Hierarchical faceting – Pivot facets in trunk

In a large number of implementations which I took part in, sooner or later, the question arise – what can we do to get faceting as a tree structure. Of course there some tricks for that, however, their use was to modify the data and appropriate processing of the results on application side. It was not particularly functional, nor especially comfortable. However, a few days ago Solr version 4.0 has been enhanced with code that is marked as Solr-792 in the system JIRA. Let’s see in this case, how to get the faceting results as a tree.

Important Note – at this point this functionality is only available in version 4.0, Solr, which is the development version. To use this version you need to download the code from trunk of Lucene/Solr SVN repository.

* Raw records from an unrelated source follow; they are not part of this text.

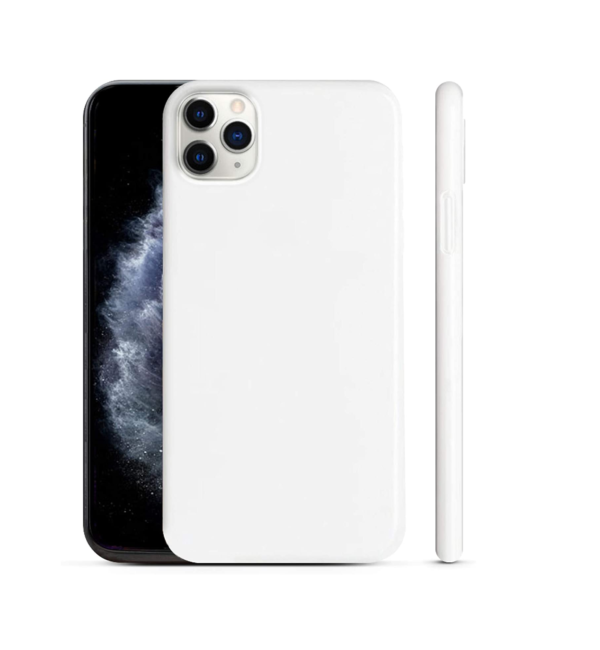 TPU SILICONE IPHONE 11 PRO MAX BLANCO
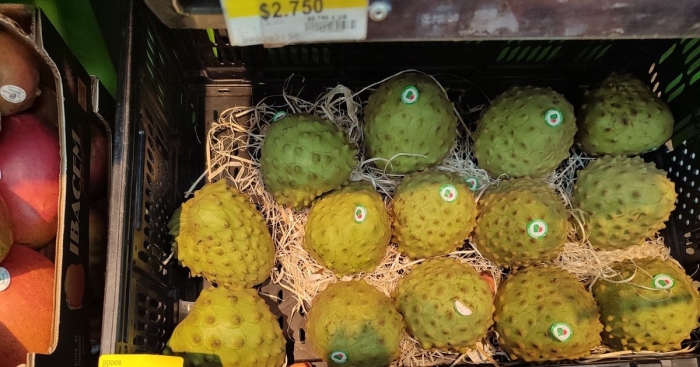 Тропический фрукт черимойя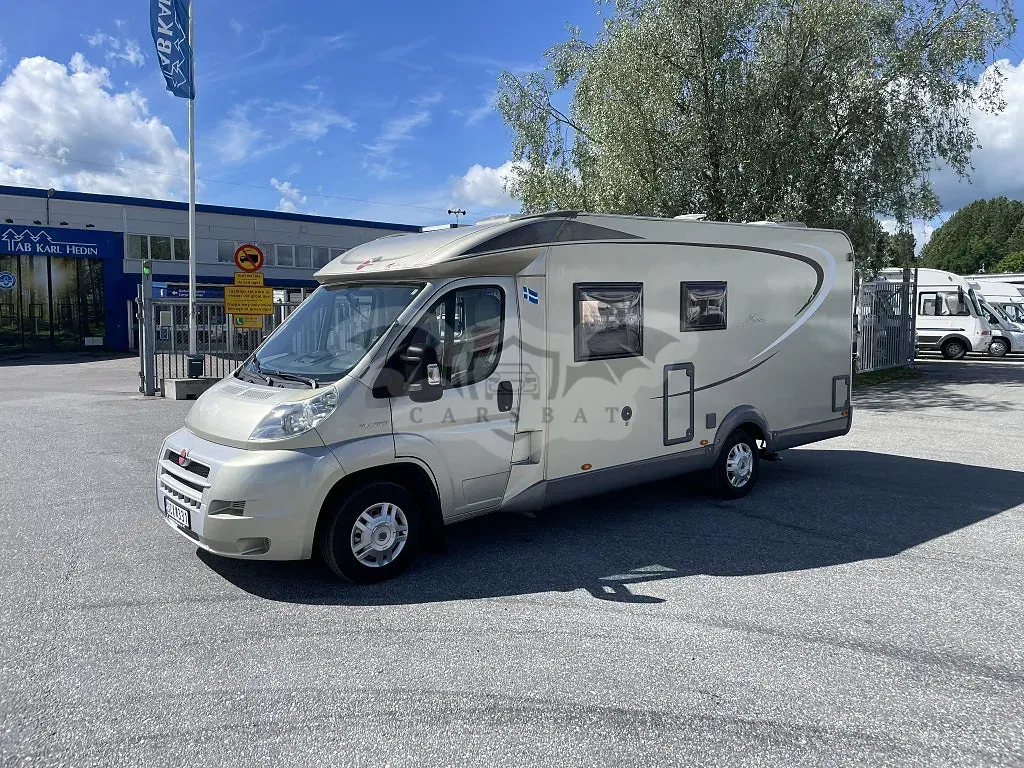 Fiat Burstner 2010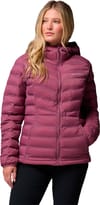 Columbia + Terwilliger Trail Heat Seal Jacket Antique Mauve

A few words at the beginning

In many projects in which I had the opportunity to deal with there was a need to use a hierarchical faceting. One of the simplest example is the requirement of showing the cities in the provinces and the number of documents in both provinces, as well as in various cities. Till recently, with no changes in the structure of data, it was impossible to achieve such functionality. Now it is possible 😉

Indexing

In order not to unnecessarily complicate the described functionality I decided to use the sample XML documents that are available in the directory /exampledocs of the example deployment. I also didn’t modify the schema.xml file, or solrconfig.xml, so that configurations are standard. So thats all when it comes to configuration. So we can start the indexing process (I called the command from the directory $SOLR_HOME/exampledocs/):

./post.sh *.xml

After seeing several screens of information, and we have our data indexed.

The mechanism

It is not difficult to use hierarchical faceting. Solr creators gave us to use two additional parameters to the ones we already know:

facet.pivot – list of comma-separated fields, which shows at which fields and in what order to calculate the structure,
facet.pivot.mincount – the minimum number of documents there needs to be to the result to be included in faceting results. The default value is 1.

So let’s try it.

Queries

At the beginning of the try with two fields. I query for all the documents from the index and add the parameter facet.pivot=cat,inStock to say Solr that I want to get the results of the hierarchical faceting, where the first level of the hierarchy is the cat field, and the second level is the inStock field. The query looks as follows:

http://localhost:8983/solr/select/?q=*:*&facet=true&facet.pivot=cat,inStock

To shorten the listing I omitted the part responsible for the search results along with a header.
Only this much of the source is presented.